Diego Simeone zdecydował się zabrać na to spotkanie 24 piłkarzy. Wśród nich jest 18 zawodników tworzących pierwszą drużynę w zeszłym sezonie, 4 graczy powracających z wypożyczeń oraz 2 canteranos, którzy od 10 lipca pracowali razem z Rojiblancos.
W porównaniu do uczestników obozu w Los Ángeles de San Rafael, w Madrycie zostaną Diego Conde, Juan Moreno, Rubén Fernández, Emiliano Velázquez, Héctor Hernández, Amath Ndiaye i Kévin Gameiro.

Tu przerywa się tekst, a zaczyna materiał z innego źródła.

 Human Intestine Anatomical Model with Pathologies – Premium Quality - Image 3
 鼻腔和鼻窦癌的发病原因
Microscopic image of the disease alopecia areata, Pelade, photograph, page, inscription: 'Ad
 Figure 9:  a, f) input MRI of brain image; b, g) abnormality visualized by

Lista powołanych piłkarzy (numery są obowiązujące tylko na ten mecz):
Bramkarze: 1. Miguel Ángel Moyá, 13. Jan Oblak, 25. Axel Werner;
Obrońcy: 2. Diego Godín, 3. Filipe, 15. Stefan Savić, 16. Šime Vrsaljko, 19. Lucas Hernández, 20. Juanfran, 24. José Giménez, 29. Sergio González;
Pomocnicy: 5. Thomas, 6. Koke, 10. Yannick Carrasco, 12. Augusto Fernández, 14. Gabi, 22. Nicolás Gaitán, 23. Matías Kranevitter, 27. Keidi Bare;
Napastnicy: 7. Antoine Griezmann, 9. Fernando Torres, 11. Ángel Correa, 17. Luciano Vietto, 18. Santos Borré.
Numerek Thomasa pokazuje że Cholo wyżej stawia go w hierarchii niż Kranevittera, a tak wgl wolałbym z 5 zobaczyć Savicia, ale to numerki tylko na ten mecz tak?

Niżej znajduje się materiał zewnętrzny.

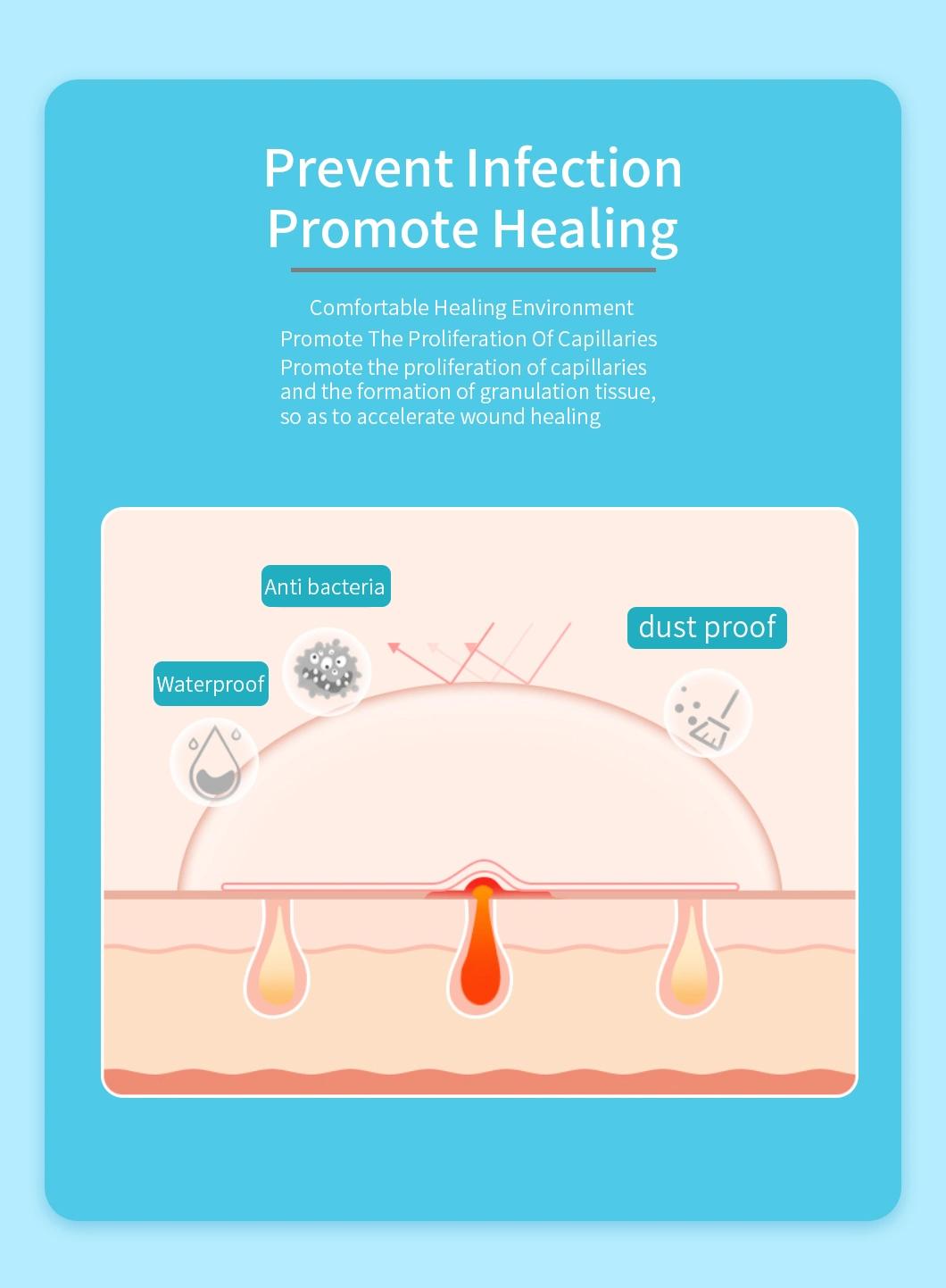 Oval Hydrocolloid Dressing Wound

@lecram95 Tak, to są numery na ten mecz, co zresztą klub zaznaczył na swojej stronie internetowej. Numer nie ma nic wspólnego z hierarchią w zespole. Gdyby tak było, Oblak grzałby ławę, a Juanfran i Giménez notorczynie siedzieliby na trybunach razem z Gameiro. Moim zdaniem dużo się w kwestii numerów nie zmieni w tym sezonie. 5 może dostać Lucas, żeby w razie czego zwolnić 19 dla Costy. 4 może dostać Thomas albo Kranevitter, ewentualnie nowy środkowy pomocnik. Vitolo dostanie z urzędu jakiś wolny numer. W ogóle śmieszy mnie ten przepis w LaLiga, że piłkarze pierwszej drużyny muszą mieć numery 1-25, podczas… Czytaj więcej »
Keidi Bare ponoć bardzo dobrze sobie radzi i punktuje u Cholo. Ten i tak nie da mu wielu szans, więc dobrze byłoby go wypożyczyć i to do LaLiga najlepiej. Fizycznie jest gotowy, a jego kariera mogłaby ruszyć z miejsca.
Myślę, że Keidi mógłby pójść drogą Amatha i najpierw wyrobić sobie markę w Segunda, a potem pójść gdzieś do Primera. W dwa lata moglibyśmy mieć całkiem fajnego pomocnika.